Ad altri dopo di lui sarà vietato attraversare il gate con la bicicletta. Nonostante la necessità, viste le distanze che dovranno percorrere una volta superata la barriera, il divieto sembra essere indiscutibile. A quanto pare oggi i soldati considerano un asino o una bici una grave minaccia alla sicurezza.
Abu Sameer indietreggia sconsolato e riprende il percorso verso casa. Altri lasciano la bici lì per terra e proseguono i controlli per attraversare la barriera.
Attesa, controlli, gente che passa, gente costretta a tornare indietro. Non ci sono giustificazioni la gran parte delle volte, dipende semplicemente dell’umore del soldato che ha le chiavi di quel gate.
Giorno, dopo giorno.

Circa il 35% delle terre agricole di Az Zawiya è situata aldilà della barriera di separazione e entro i confini della colonia di Elkana. È la cosiddetta Seam Zone, l’area imprigionata tra La Green Line e la Barriera di Separazione. Per accedere ai propri campi, gli agricoltori palestinesi devono ottenere un permesso speciale dall’Amministrazione civile israeliana, dimostrando la proprietà e il legame con la terra.
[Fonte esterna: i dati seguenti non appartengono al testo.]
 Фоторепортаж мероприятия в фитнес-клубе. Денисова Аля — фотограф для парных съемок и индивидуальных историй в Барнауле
Il rilascio di tali permessi, spesso viene ristretto a precisi periodi stagionali, ad esempio la raccolta delle olive.
Il sistema di autorizzazioni ostacola il mantenimento dei terreni agricoli, impedendo la gran parte delle volte lo svolgimento di attività generali durante tutto l’anno.
L’accesso ai terreni è consentito attraverso gate agricoli, punti di attraversamento stabiliti da Israele lungo la barriera di separazione, come il gate di Magen Dan per la comunità di Az-Zawiya.
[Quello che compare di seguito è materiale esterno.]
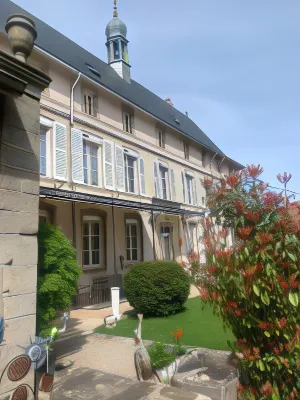 Le Château de Failloux, Chambres D hôtes,Piscine intérieure Hotel di Epinal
Questi checkpoint agricoli sono controllati dall’esercito israeliano e comportano una stretta rete di permessi e restrizioni. Il gate di Magen Dan viene aperto per soli 15 minuti, tre volte al giorno. Come monitorato per un periodo dai volontari di Operazione Colomba, l’orario di apertura, così come il permesso di trasportare aldilà della barriera bici o animali da soma, è a discrezione dei soldati.